Exercise goal:
Exactly those lines running from the one containing "No. 5: Andantino" to the end of the material are to be printed, and no others.

Material for the task:
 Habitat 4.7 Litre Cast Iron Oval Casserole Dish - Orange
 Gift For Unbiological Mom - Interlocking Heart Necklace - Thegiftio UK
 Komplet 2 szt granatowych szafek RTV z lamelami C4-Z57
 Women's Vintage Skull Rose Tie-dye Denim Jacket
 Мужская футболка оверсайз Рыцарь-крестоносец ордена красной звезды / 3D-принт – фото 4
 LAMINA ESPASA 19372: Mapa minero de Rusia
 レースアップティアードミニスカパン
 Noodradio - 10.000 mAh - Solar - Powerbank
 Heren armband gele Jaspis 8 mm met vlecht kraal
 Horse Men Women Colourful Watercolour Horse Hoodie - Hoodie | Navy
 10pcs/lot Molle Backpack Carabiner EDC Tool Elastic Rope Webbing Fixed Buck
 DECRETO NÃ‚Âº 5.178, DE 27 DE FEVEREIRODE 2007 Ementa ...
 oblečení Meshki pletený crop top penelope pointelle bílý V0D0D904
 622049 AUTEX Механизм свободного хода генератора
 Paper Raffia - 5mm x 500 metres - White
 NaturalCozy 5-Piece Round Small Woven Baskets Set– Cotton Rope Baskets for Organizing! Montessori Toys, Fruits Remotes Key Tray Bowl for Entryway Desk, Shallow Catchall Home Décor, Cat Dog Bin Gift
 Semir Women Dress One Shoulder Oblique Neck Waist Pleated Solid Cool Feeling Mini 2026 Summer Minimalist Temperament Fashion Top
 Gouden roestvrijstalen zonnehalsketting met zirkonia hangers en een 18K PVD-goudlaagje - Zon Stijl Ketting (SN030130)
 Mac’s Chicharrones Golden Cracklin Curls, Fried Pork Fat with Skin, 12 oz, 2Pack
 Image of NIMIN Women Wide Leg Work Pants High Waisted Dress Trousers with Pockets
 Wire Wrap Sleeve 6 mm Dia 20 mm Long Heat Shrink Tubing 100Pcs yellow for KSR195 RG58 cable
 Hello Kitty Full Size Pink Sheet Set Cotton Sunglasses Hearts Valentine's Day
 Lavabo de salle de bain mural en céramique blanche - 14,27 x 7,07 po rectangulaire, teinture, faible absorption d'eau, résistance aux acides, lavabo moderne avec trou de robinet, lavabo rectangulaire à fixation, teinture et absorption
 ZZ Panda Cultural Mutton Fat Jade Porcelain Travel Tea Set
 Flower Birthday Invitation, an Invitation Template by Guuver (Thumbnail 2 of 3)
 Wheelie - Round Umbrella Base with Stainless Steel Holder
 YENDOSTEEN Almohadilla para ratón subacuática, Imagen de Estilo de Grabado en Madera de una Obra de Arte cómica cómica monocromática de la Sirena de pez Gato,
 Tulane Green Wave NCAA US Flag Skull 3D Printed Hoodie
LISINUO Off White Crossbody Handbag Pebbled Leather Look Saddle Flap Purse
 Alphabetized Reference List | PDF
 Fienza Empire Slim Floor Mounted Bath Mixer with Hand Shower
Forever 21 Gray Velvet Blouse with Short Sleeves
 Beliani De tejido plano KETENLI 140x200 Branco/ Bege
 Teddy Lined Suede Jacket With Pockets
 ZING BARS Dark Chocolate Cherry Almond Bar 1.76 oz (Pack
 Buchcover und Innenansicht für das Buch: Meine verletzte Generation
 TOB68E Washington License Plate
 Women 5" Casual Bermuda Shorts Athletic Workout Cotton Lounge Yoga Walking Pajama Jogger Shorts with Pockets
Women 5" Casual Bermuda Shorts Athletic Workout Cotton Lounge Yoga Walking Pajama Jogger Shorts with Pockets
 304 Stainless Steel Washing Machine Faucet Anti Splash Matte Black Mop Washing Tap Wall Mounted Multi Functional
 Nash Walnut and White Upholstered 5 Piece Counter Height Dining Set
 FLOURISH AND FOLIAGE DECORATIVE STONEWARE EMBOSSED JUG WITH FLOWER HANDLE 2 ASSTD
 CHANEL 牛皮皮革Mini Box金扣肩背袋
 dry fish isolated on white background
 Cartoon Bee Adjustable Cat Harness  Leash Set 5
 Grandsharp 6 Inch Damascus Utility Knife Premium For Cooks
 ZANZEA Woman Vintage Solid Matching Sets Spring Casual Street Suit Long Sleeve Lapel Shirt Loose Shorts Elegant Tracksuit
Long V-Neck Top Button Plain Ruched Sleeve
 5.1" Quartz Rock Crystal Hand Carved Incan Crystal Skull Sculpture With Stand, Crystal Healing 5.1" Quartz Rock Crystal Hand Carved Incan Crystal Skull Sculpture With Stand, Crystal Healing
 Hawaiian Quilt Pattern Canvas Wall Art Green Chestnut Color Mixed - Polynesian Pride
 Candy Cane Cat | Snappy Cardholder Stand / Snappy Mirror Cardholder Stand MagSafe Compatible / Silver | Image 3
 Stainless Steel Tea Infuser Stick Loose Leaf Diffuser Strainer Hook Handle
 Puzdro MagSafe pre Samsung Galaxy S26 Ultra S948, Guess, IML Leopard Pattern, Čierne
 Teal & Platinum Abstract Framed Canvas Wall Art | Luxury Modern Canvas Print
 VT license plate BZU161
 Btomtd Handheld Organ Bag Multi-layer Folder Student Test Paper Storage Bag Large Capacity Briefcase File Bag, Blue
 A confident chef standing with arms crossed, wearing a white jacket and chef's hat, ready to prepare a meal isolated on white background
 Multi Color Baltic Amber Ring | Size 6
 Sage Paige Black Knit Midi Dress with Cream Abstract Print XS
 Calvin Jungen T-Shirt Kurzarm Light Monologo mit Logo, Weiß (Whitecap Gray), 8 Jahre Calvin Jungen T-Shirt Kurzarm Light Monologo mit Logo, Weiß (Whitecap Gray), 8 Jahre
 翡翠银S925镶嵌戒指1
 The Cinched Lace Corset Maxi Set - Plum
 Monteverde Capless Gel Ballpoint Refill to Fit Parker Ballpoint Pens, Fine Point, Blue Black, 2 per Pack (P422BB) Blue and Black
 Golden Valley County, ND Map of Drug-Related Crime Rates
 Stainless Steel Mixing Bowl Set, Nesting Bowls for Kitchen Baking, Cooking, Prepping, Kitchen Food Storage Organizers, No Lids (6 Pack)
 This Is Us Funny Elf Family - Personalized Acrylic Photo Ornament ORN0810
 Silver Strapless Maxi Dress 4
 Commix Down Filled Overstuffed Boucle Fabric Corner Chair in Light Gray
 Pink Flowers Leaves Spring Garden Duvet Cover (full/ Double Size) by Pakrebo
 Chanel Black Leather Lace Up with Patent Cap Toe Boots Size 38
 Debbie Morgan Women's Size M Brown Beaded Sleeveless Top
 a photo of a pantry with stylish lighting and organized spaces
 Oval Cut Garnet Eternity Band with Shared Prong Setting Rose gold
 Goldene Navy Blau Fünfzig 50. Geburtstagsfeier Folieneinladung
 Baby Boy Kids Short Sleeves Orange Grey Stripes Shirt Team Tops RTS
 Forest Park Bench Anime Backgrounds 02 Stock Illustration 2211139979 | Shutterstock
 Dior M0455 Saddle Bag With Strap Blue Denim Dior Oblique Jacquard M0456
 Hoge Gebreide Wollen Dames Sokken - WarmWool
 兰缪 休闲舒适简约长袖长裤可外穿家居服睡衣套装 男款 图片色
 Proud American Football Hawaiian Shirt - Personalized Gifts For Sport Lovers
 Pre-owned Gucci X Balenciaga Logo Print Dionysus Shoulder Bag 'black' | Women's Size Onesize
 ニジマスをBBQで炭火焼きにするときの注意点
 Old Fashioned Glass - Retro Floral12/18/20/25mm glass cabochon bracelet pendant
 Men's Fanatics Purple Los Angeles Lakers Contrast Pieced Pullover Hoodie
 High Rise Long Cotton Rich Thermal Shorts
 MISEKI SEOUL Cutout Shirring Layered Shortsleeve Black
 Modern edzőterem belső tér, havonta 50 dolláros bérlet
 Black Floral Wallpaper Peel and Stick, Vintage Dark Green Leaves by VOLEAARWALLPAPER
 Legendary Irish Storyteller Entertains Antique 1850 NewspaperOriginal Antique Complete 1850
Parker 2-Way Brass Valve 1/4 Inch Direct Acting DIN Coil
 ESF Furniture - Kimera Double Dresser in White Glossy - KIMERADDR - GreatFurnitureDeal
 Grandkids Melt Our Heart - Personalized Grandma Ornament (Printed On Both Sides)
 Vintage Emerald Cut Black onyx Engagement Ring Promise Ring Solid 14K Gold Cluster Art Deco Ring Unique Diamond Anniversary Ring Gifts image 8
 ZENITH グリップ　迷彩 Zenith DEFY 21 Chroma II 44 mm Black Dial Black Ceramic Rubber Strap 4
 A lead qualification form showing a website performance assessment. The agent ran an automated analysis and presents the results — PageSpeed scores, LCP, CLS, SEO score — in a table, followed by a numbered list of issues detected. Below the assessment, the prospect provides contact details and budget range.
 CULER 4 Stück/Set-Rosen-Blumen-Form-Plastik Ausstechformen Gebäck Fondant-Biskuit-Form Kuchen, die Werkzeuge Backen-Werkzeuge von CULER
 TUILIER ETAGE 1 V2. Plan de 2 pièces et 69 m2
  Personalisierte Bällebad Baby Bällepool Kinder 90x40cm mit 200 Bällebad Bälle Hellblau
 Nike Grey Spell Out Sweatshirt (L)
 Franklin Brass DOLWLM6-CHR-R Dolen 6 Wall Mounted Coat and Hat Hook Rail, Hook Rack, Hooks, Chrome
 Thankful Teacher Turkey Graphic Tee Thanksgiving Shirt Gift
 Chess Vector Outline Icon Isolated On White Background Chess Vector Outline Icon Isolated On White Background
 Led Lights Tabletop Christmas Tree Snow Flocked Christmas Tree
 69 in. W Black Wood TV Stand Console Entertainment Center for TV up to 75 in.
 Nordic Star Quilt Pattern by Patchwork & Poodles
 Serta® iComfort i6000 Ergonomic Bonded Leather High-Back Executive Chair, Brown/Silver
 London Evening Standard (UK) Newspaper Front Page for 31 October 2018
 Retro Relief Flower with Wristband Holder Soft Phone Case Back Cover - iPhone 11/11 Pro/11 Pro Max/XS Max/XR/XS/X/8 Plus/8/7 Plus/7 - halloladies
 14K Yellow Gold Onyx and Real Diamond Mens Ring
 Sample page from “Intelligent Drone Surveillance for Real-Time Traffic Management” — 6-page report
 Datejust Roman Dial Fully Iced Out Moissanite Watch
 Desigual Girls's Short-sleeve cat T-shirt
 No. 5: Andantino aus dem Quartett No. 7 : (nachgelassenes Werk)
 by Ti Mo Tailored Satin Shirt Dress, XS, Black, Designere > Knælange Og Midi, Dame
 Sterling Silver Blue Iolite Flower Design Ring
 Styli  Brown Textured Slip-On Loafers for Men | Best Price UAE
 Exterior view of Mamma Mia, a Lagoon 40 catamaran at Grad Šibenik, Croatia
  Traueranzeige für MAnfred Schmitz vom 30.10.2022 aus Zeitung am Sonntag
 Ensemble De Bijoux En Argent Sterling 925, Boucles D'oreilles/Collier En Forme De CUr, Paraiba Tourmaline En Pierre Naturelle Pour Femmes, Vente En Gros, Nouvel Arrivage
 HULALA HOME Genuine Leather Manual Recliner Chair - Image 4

Result of this exercise:
 No. 5: Andantino aus dem Quartett No. 7 : (nachgelassenes Werk)
 by Ti Mo Tailored Satin Shirt Dress, XS, Black, Designere > Knælange Og Midi, Dame
 Sterling Silver Blue Iolite Flower Design Ring
 Styli  Brown Textured Slip-On Loafers for Men | Best Price UAE
 Exterior view of Mamma Mia, a Lagoon 40 catamaran at Grad Šibenik, Croatia
  Traueranzeige für MAnfred Schmitz vom 30.10.2022 aus Zeitung am Sonntag
 Ensemble De Bijoux En Argent Sterling 925, Boucles D'oreilles/Collier En Forme De CUr, Paraiba Tourmaline En Pierre Naturelle Pour Femmes, Vente En Gros, Nouvel Arrivage
 HULALA HOME Genuine Leather Manual Recliner Chair - Image 4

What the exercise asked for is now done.